When choosing a value for m, consider how noisy you expect the categories to be. Does the price of a vehicle vary a great deal within each make? Would you need a lot of data to get good estimates? If so, it could be better to choose a larger value for m; if the average price for each make were relatively stable, a smaller value could be okay.

Use Cases for Target Encoding

Target encoding is great for:

  • High-cardinality features: A feature with a large number of categories can be troublesome to encode: a one-hot encoding would generate too many features and alternatives, like a label encoding, might not be appropriate for that feature. A target encoding derives numbers for the categories using the feature’s most important property: its relationship with the target.
  • Domain-motivated features: From prior experience, you might suspect that a categorical feature should be important even if it scored poorly with a feature metric. A target encoding can help reveal a feature’s true informativeness.

Example - MovieLens1M

The MovieLens1M dataset contains one-million movie ratings by users of the MovieLens website, with features describing each user and movie. This hidden cell sets everything up:

import matplotlib.pyplot as plt
import numpy as np
import pandas as pd
import seaborn as sns
import warnings

plt.style.use("seaborn-whitegrid")
plt.rc("figure", autolayout=True)
plt.rc(
    "axes",
    labelweight="bold",
    labelsize="large",
    titleweight="bold",
    titlesize=14,
    titlepad=10,
)
warnings.filterwarnings('ignore')


df = pd.read_csv("../input/fe-course-data/movielens1m.csv")
df = df.astype(np.uint8, errors='ignore') # reduce memory footprint
print("Number of Unique Zipcodes: {}".format(df["Zipcode"].nunique()))
Number of Unique Zipcodes: 3439

With over 3000 categories, the Zipcode feature makes a good candidate for target encoding, and the size of this dataset (over one-million rows) means we can spare some data to create the encoding.

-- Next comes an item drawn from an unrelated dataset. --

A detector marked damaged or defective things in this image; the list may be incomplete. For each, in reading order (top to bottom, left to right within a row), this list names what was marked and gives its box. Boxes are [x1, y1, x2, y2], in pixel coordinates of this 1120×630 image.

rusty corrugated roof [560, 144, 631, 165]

We’ll start by creating a 25% split to train the target encoder.

X = df.copy()
y = X.pop('Rating')

X_encode = X.sample(frac=0.25)
y_encode = y[X_encode.index]
X_pretrain = X.drop(X_encode.index)
y_train = y[X_pretrain.index]

The category_encoders package in scikit-learn-contrib implements an m-estimate encoder, which we’ll use to encode our Zipcode feature.

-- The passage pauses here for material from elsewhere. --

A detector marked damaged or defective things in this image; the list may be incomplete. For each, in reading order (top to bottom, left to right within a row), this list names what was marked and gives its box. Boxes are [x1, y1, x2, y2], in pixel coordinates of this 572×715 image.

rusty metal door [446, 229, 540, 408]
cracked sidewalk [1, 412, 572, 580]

from category_encoders import MEstimateEncoder

# Create the encoder instance. Choose m to control noise.
encoder = MEstimateEncoder(cols=["Zipcode"], m=5.0)

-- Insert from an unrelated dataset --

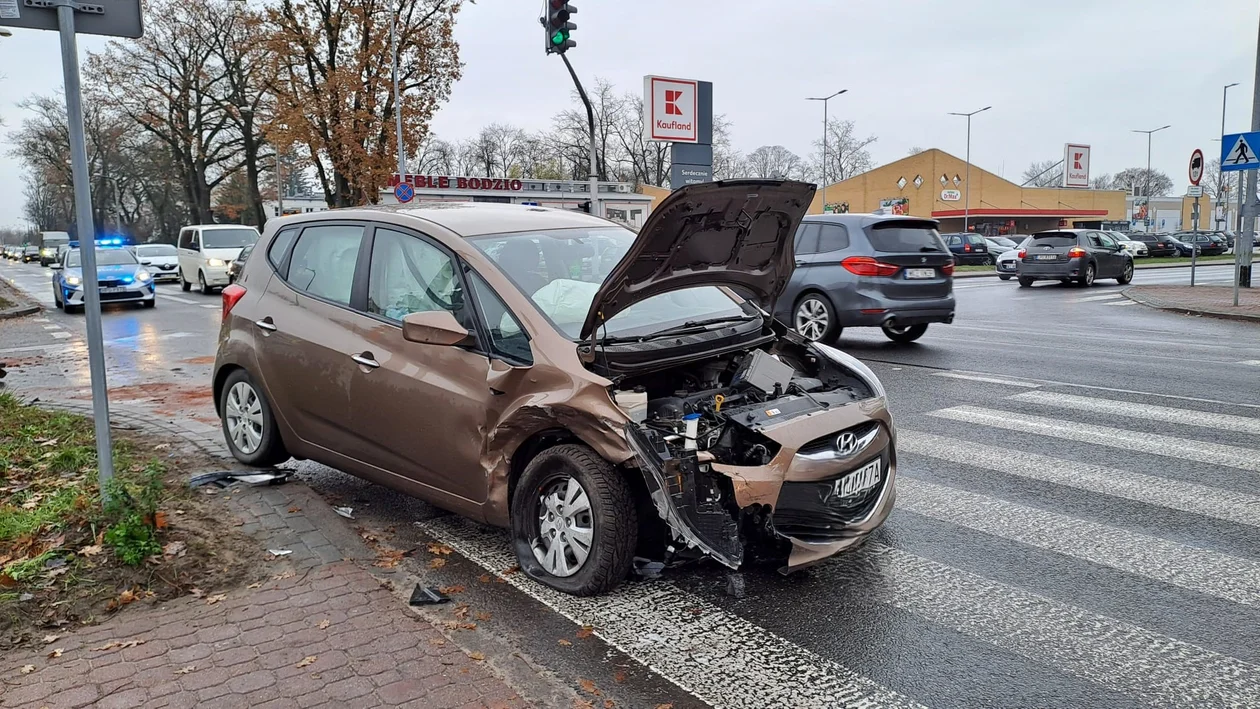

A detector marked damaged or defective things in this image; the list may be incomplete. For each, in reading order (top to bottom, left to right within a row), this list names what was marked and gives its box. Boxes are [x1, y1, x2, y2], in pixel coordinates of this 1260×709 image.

damaged brown hyundai [215, 176, 900, 592]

# Fit the encoder on the encoding split.
encoder.fit(X_encode, y_encode)

# Encode the Zipcode column to create the final training data
X_train = encoder.transform(X_pretrain)

Let’s compare the encoded values to the target to see how informative our encoding might be.

plt.figure(dpi=90)
ax = sns.distplot(y, kde=False, norm_hist=True)
ax = sns.kdeplot(X_train.Zipcode, color='r', ax=ax)
ax.set_xlabel("Rating")
ax.legend(labels=['Zipcode', 'Rating']);

png

Figure 2: Movie-watchers differed enough in their ratings from zipcode to zipcode that our target encoding was able to capture useful information.


The distribution of the encoded Zipcode feature roughly follows the distribution of the actual ratings, meaning that movie-watchers differed enough in their ratings from zipcode to zipcode that our target encoding was able to capture useful information.